- **YOUR OBJECTIVE**
Output each line of the listing exactly, though pictures are not to appear.

- **COLLECTED DATA**
━━━━━━━━

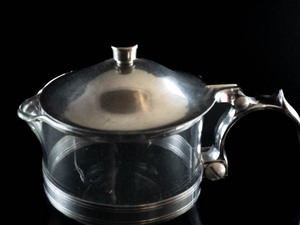lot 49 image: McKee Vintage Glasbake 10in Coffee Carafe Serving Glassware.
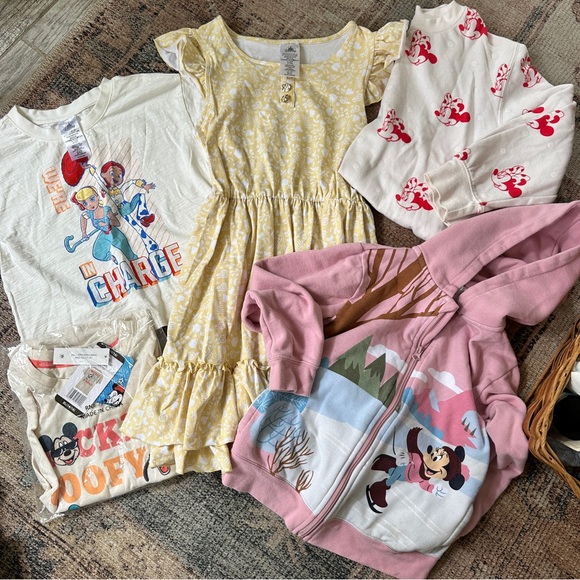 Girls Disney Bundle sz 9/10 - Picture 1 of 5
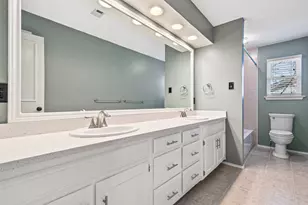 2010 Heather Brook Dr, Grapevine, TX 76051 - Photo 23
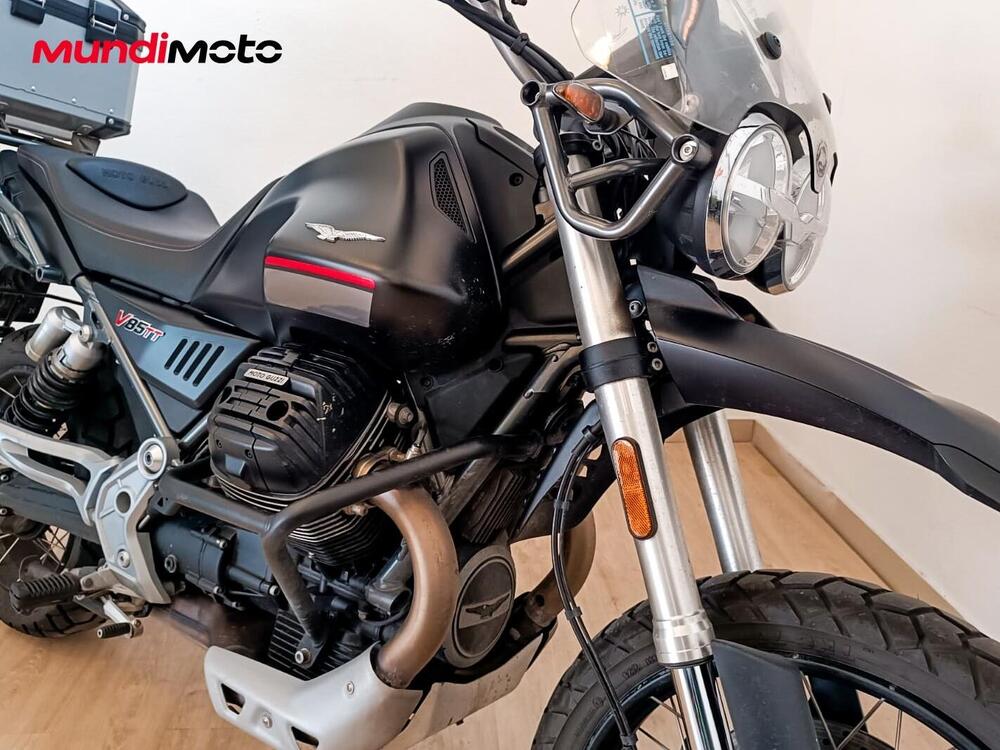 Moto Guzzi V85 TT (2024 - 26) (5)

━━━━━━━━

- **EXERCISE RESPONSE**
lot 49 image: McKee Vintage Glasbake 10in Coffee Carafe Serving Glassware.
 Girls Disney Bundle sz 9/10 - Picture 1 of 5
 2010 Heather Brook Dr, Grapevine, TX 76051 - Photo 23
 Moto Guzzi V85 TT (2024 - 26) (5)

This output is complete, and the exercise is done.